→ Requirement: Write down each of the records again, exactly and in full.

***

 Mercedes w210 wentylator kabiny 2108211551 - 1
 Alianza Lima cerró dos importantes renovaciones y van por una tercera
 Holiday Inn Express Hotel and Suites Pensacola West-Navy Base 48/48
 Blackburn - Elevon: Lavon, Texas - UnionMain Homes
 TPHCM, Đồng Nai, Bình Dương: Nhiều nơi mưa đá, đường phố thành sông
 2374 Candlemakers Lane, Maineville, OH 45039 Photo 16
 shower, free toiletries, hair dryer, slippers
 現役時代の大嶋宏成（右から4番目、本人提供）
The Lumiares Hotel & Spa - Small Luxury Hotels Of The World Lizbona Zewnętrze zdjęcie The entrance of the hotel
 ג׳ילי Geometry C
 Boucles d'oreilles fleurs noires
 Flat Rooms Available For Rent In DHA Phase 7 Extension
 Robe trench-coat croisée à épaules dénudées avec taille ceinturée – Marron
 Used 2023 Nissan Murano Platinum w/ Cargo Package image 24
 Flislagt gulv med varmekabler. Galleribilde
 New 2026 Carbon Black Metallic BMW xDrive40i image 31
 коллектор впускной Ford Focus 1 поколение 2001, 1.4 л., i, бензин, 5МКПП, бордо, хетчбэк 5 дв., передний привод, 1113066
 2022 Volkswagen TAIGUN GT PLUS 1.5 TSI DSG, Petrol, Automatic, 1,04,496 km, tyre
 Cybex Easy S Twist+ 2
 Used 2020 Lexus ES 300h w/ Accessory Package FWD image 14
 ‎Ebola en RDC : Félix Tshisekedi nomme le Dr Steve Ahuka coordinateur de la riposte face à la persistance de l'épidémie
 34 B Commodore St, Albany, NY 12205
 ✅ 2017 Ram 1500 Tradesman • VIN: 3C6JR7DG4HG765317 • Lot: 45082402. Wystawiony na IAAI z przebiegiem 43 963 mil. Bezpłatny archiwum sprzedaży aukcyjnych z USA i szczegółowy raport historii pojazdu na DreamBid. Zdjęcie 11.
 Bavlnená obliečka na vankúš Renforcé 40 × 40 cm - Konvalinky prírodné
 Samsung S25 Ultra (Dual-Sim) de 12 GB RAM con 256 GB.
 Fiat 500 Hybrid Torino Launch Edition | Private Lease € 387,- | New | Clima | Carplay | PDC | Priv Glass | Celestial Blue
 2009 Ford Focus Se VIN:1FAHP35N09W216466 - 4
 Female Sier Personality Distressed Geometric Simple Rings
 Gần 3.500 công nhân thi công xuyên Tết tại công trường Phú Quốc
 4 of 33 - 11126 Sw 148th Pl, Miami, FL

***

→ Exercise output:
 Mercedes w210 wentylator kabiny 2108211551 - 1
 Alianza Lima cerró dos importantes renovaciones y van por una tercera
 Holiday Inn Express Hotel and Suites Pensacola West-Navy Base 48/48
 Blackburn - Elevon: Lavon, Texas - UnionMain Homes
 TPHCM, Đồng Nai, Bình Dương: Nhiều nơi mưa đá, đường phố thành sông
 2374 Candlemakers Lane, Maineville, OH 45039 Photo 16
 shower, free toiletries, hair dryer, slippers
 現役時代の大嶋宏成（右から4番目、本人提供）
The Lumiares Hotel & Spa - Small Luxury Hotels Of The World Lizbona Zewnętrze zdjęcie The entrance of the hotel
 ג׳ילי Geometry C
 Boucles d'oreilles fleurs noires
 Flat Rooms Available For Rent In DHA Phase 7 Extension
 Robe trench-coat croisée à épaules dénudées avec taille ceinturée – Marron
 Used 2023 Nissan Murano Platinum w/ Cargo Package image 24
 Flislagt gulv med varmekabler. Galleribilde
 New 2026 Carbon Black Metallic BMW xDrive40i image 31
 коллектор впускной Ford Focus 1 поколение 2001, 1.4 л., i, бензин, 5МКПП, бордо, хетчбэк 5 дв., передний привод, 1113066
 2022 Volkswagen TAIGUN GT PLUS 1.5 TSI DSG, Petrol, Automatic, 1,04,496 km, tyre
 Cybex Easy S Twist+ 2
 Used 2020 Lexus ES 300h w/ Accessory Package FWD image 14
 ‎Ebola en RDC : Félix Tshisekedi nomme le Dr Steve Ahuka coordinateur de la riposte face à la persistance de l'épidémie
 34 B Commodore St, Albany, NY 12205
 ✅ 2017 Ram 1500 Tradesman • VIN: 3C6JR7DG4HG765317 • Lot: 45082402. Wystawiony na IAAI z przebiegiem 43 963 mil. Bezpłatny archiwum sprzedaży aukcyjnych z USA i szczegółowy raport historii pojazdu na DreamBid. Zdjęcie 11.
 Bavlnená obliečka na vankúš Renforcé 40 × 40 cm - Konvalinky prírodné
 Samsung S25 Ultra (Dual-Sim) de 12 GB RAM con 256 GB.
 Fiat 500 Hybrid Torino Launch Edition | Private Lease € 387,- | New | Clima | Carplay | PDC | Priv Glass | Celestial Blue
 2009 Ford Focus Se VIN:1FAHP35N09W216466 - 4
 Female Sier Personality Distressed Geometric Simple Rings
 Gần 3.500 công nhân thi công xuyên Tết tại công trường Phú Quốc
 4 of 33 - 11126 Sw 148th Pl, Miami, FL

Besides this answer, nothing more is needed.